Sickles’ military career, however, was built as an exercise in reputation rehabilitation.  When the war with the South arrived, he saw an opportunity to change the conversation about himself.  His bravery in service to the Union, never questioned, served a dual purpose for Sickles.  Today we might call this “re-branding.”

For in the years preceding the Civil War, the young politician was also known as a cold-blooded murderer who held a unique distinction in the history of legal proceedings.

From the New York Times, February 28, 1859

1859
In April of 1859, New York Congressman Daniel Sickles became the first person in history to ever be acquitted of a crime due to temporary insanity.

The crime in this case was the February murder of Philip Barton Key II, the son of Francis Scott Key, author of “The Star-Spangled Banner,” the national anthem of the United States.

Their lives almost resemble an episode of House of Cards.  Key had been having a very open affair with Sickles’ wife Teresa. (Pictured below)

Daniel, however, was something of an epic rake himself.  With no thought to his own or his wife’s reputation, Sickles was once passionately obsessed with the New York prostitute Fanny White, going so far as to take her into the Albany assembly chamber for a tour.  There were even rumors that some of Sickles’ campaign election costs were covered by White.

But Key was hardly a wallflower; the famous son was a charming widower who bewitched the women of Washington DC with his intelligence, elegance and wealth.  He and Teresa met in 1857 and began their affair soon after, meeting often once a day and openly flirting with each other at a society balls. (Below: An illustration of Key which ran in Harper’s Weekly in 1859.)

When Sickles did finally discover the affair, he was distraught and sickened, before turning violently angry.  

On February 27, 1859, Sickles approached Key in DC’s Lafayette Square — a short distance from the White House –and shot him in the groin.

“You villain, you have dishonored my house, and you must die!” Sickles reportedly said.

He shot Key again in the chest and would have shot him directly in the head had the gun not misfired.

Said the New York Times the following day, “The vulgar monotony of partisan passions and political squabbles has been terribly broken in upon to-day by an outburst of personal revenge, which has filled the city with horror and consternation.”

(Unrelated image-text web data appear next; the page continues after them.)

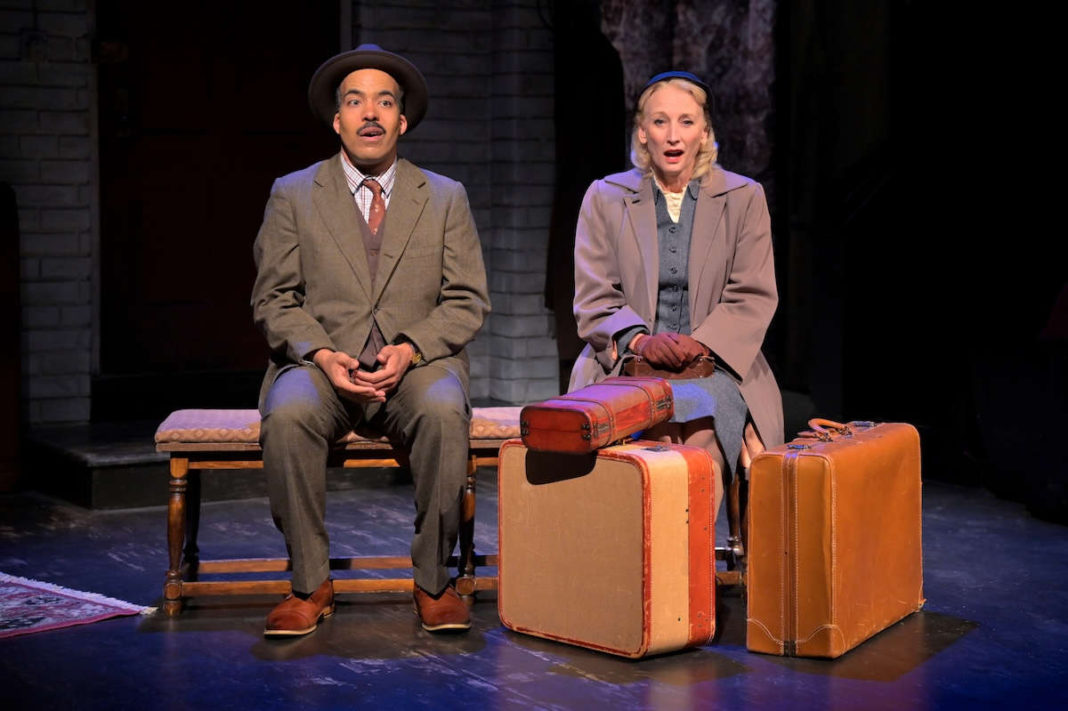 Aurora Theatre’s 'Crumbs' triumphs despite last-minute setback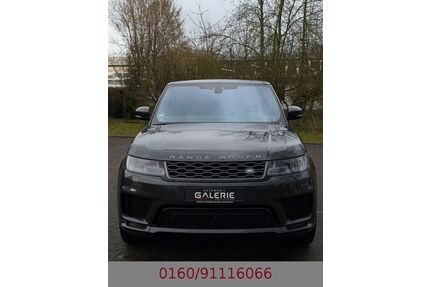 Land Rover Range Rover Sport Gebrauchtwagen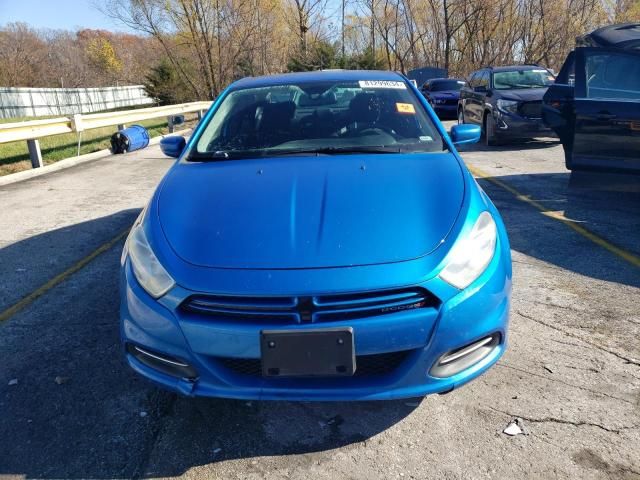 2016 Dodge Dart SE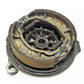Tambour de frein arrière Yamaha DT125LC 1987 n°11 Réf 10V-25321-00-98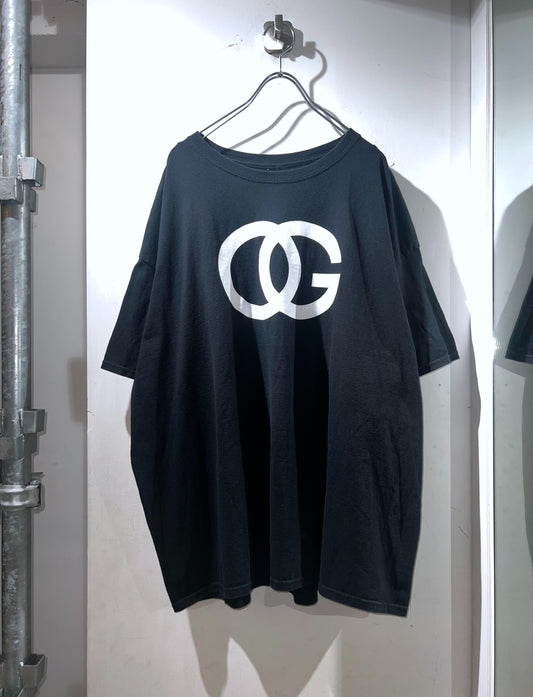 20s Familiar Logo Printed T-Shirt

Above: An illustration of the Sickles trial, courtesy Library of Congress

The condition of Sickles’ mental state during and following the murder would be closely dissected in court. A colorful swath of testimony described Sickle as everything from disturbingly serene to a raging lunatic.

According to authors Michael Lief and H. Mitchell Caldwell, “These conflicting stories may be exaggerations on the part of creative witnesses, or they may be evidence that Sickles was driven to the edge, past the breaking point, entirely out of his mind.”

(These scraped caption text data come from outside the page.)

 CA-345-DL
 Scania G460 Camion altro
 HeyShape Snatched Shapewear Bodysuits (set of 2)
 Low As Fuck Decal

One of the lawyers who helped craft the insanity defense was Edward M. Stanton, later to be Abraham Lincoln’s Secretary of War.  Their defense of temporary insanity — never successfully tried in a U.S. court — was sprung upon the jury, nested within an extravagant bed of prose, classical quotations and moral quandary.

“It is folly to punish a man for what he cannot help doing?” asked associate defense attorney John Graham.  Apparently so, it seems, for in April, a jury acquitted Sickles, taken with the plight of a man wronged by his unfaithful and deceitful wife. (His attorneys did a spectacular job of burying Sickle’s own unfaithfulness and deceit.)

Above: 23 Fifth Avenue, the home of Daniel Sickles and the location of his death on May 5th, 1914 (images courtesy New York Public Library)

1914
Fifty-five years later, Sickles’ many legitimate accomplishments (and, let’s be honest, his relentless self-promotion) assured that this unusual crime was rendered a footnote when he died on May 5.

His New York Times obituary is an extraordinary bit of word play:  “Philip Barton Key … paid attention to Mrs. Sickles, and Sickles shot and killed Key on the street in Washington D.C. on February 27, 1859.”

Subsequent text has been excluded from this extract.